_What to work on_
Below are some records. Write out the line that contains "Social media is" and all lines after it, exactly, but not the pictures.

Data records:
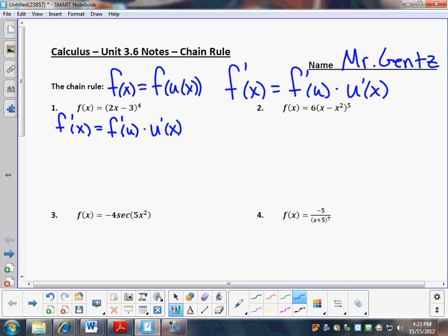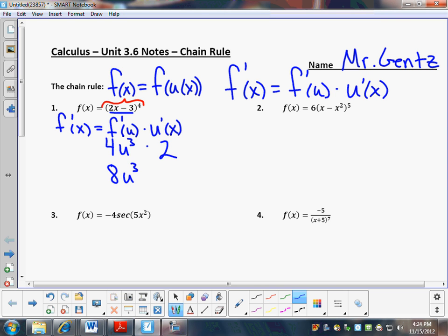Where do we start? Let's start with the inside. That's my inside piece, my u of x. What's the derivative of 2x minus 3? It is 2. Now let's look at the outside — that is taken to the fourth power, so I have u to the fourth. The derivative of that is 4u to the third. I bring the 4 down and reduce the exponent by 1. So I have 8u to the third. As I put u back in, I have 8 times 2x minus 3 to the third power. That's my derivative.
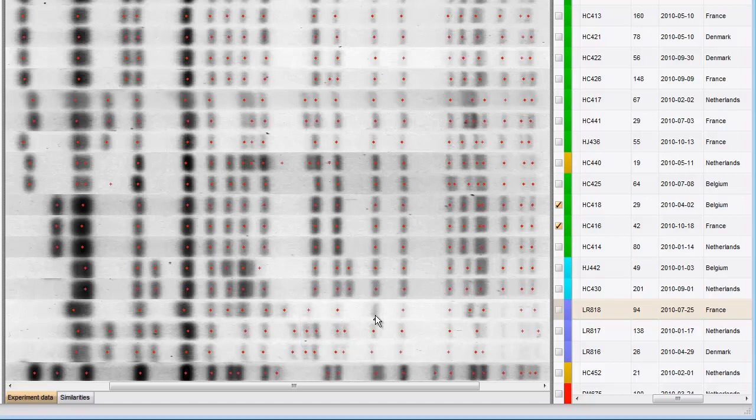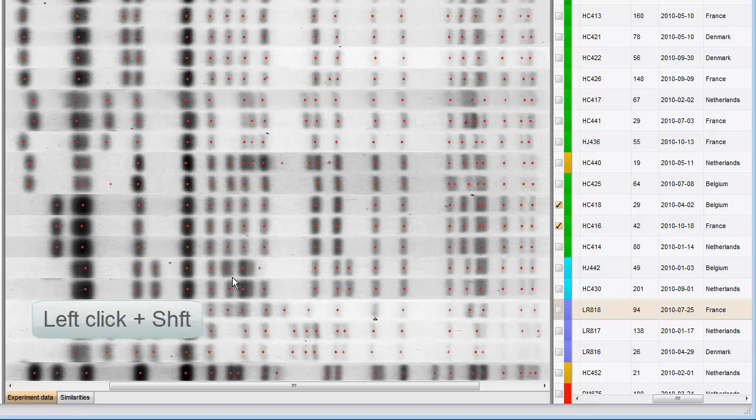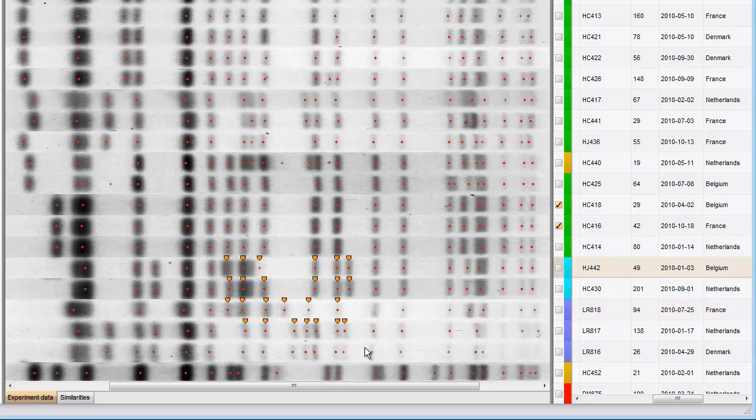I can even select a group of bands by holding down the Shift key while dragging the mouse. For example, to remove them.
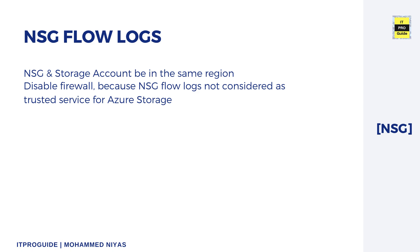Let's go to some of the considerations required when you create NSG flow logging. NSG and storage account must be in the same region. If you have a firewall in between, you have to disable it.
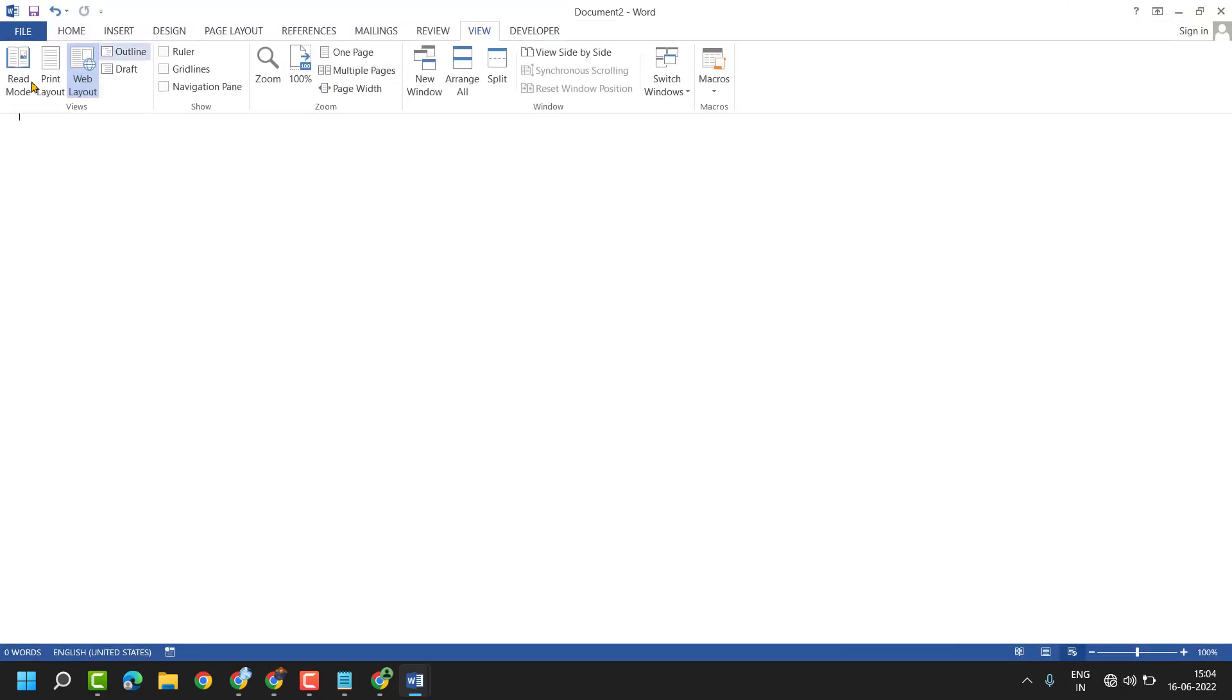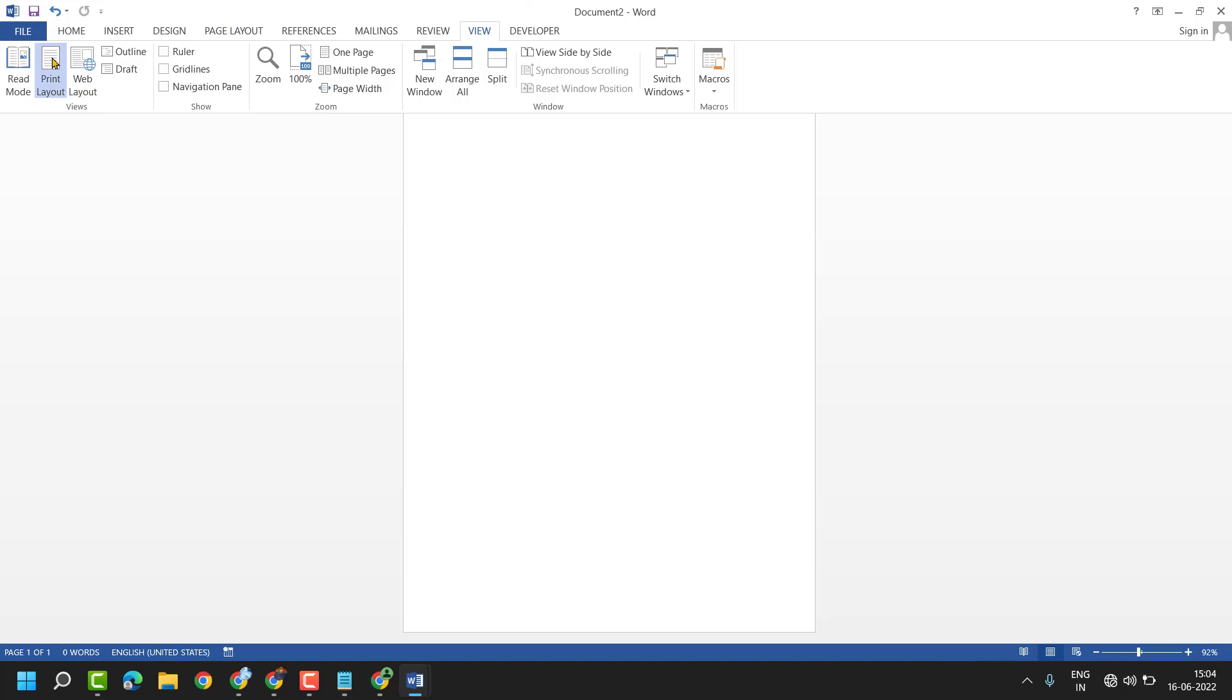Hover your cursor in the right side top corner. You will see three dots. Click on it. Now, here click on Print Layout. If you don't see it here, click on View and click on Print Layout.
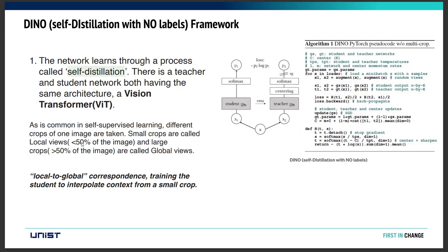If they take less than 50% of the image, it's called local views; if more than 50%, it's called global views. As input to the student model, they pass both local views and global views, while the teacher model receives only global views. They call this local-to-global correspondence, training the student model to interpolate context from small local crops.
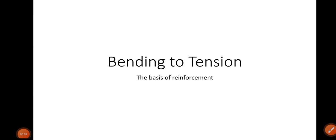Welcome back to my channel. In this video, as per the request of one of my audience members, I will discuss why in bending we need to provide reinforcement for countering the tension. This may seem like a silly question for experienced engineers with a strong foundation, but this type of question needs to be cleared at a very early stage. This is purely for beginners.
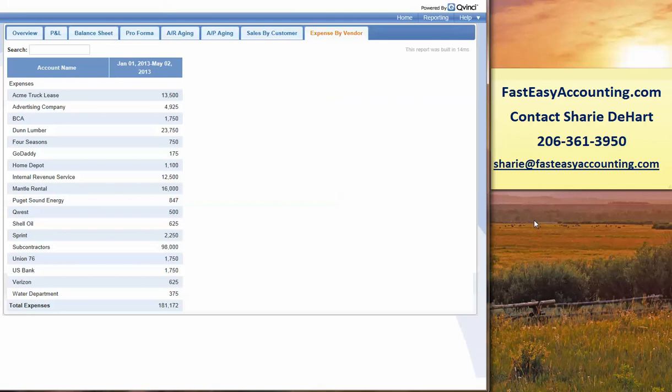And what happens, this tool automatically goes into the QuickBooks server. It pulls up the data every night at 2 o'clock in the morning, Pacific Standard Time, and refreshes it. So every day, this data is refreshed. So you always have good information.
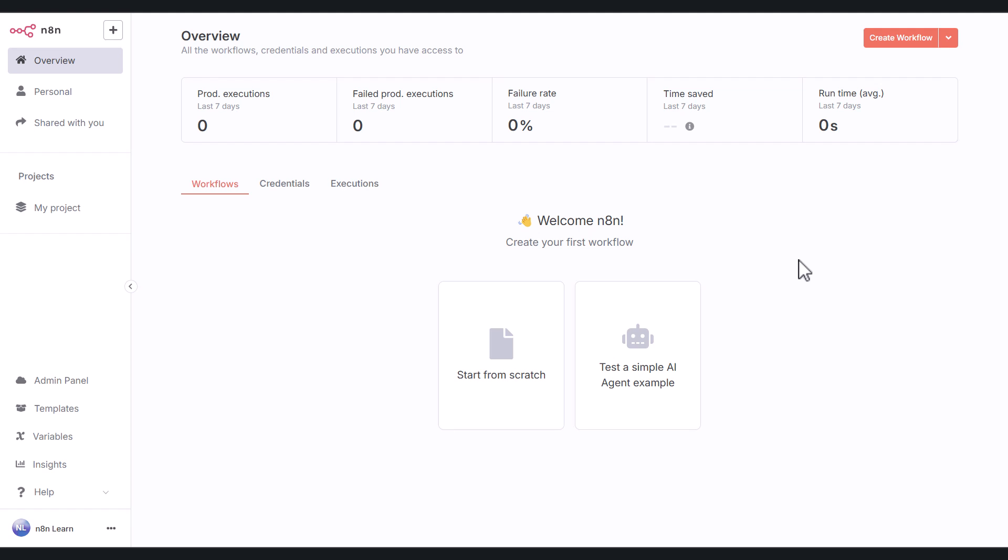The goal of this video is to give you a complete tour of the n8n editor UI. But we're not just going to point at buttons. We're going to use first principles to understand why the interface is designed this way and what problems each component solves.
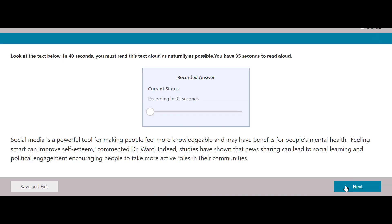Social media is a powerful tool for making people feel more knowledgeable and may have benefits for people's mental health. Feeling smart can improve self-esteem, commented Dr. Ward. Indeed, studies have shown that news sharing can lead to social learning and political engagement, encouraging people to take more active roles in their communities.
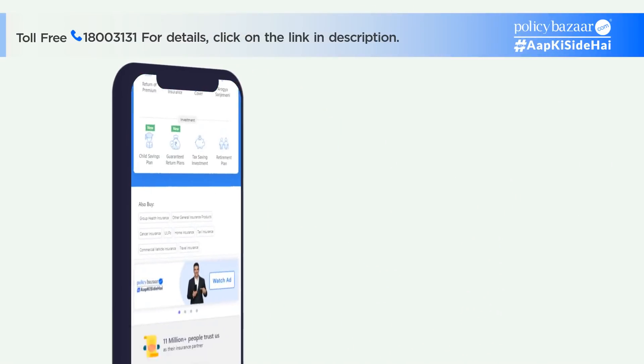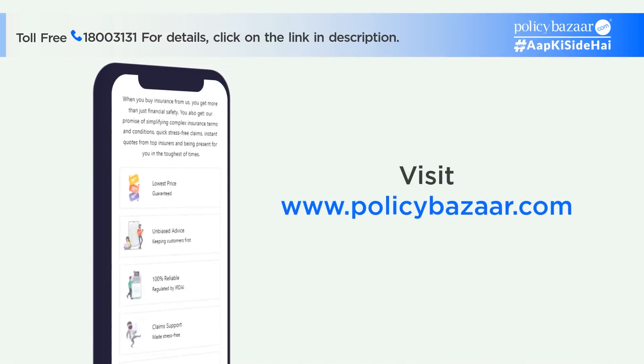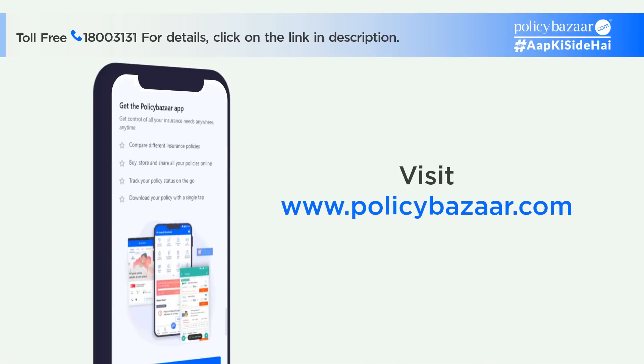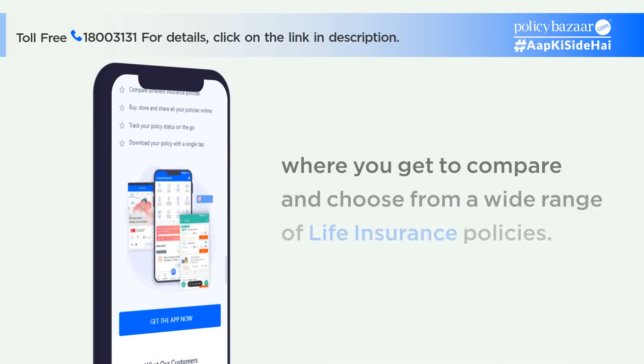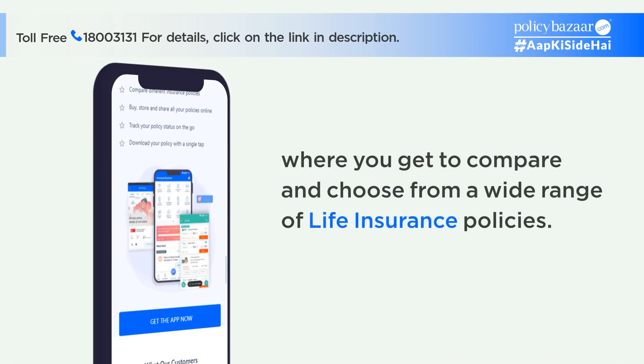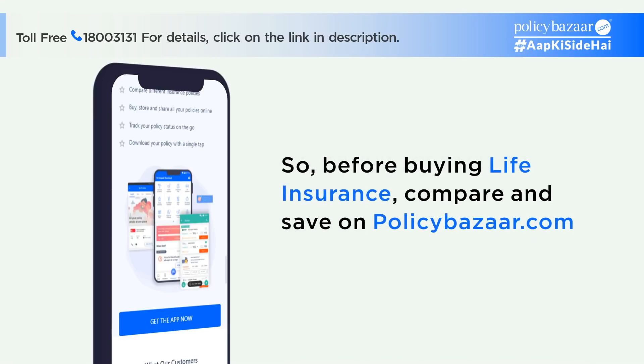Visit www.policybazaar.com, where you get to compare and choose from a wide range of life insurance policies. So, before buying life insurance, compare and save on policybazaar.com.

_Response area_
Social media is a powerful tool for making people feel more knowledgeable and may have benefits for people's mental health. Feeling smart can improve self-esteem, commented Dr. Ward. Indeed, studies have shown that news sharing can lead to social learning and political engagement, encouraging people to take more active roles in their communities.
Visit www.policybazaar.com, where you get to compare and choose from a wide range of life insurance policies. So, before buying life insurance, compare and save on policybazaar.com.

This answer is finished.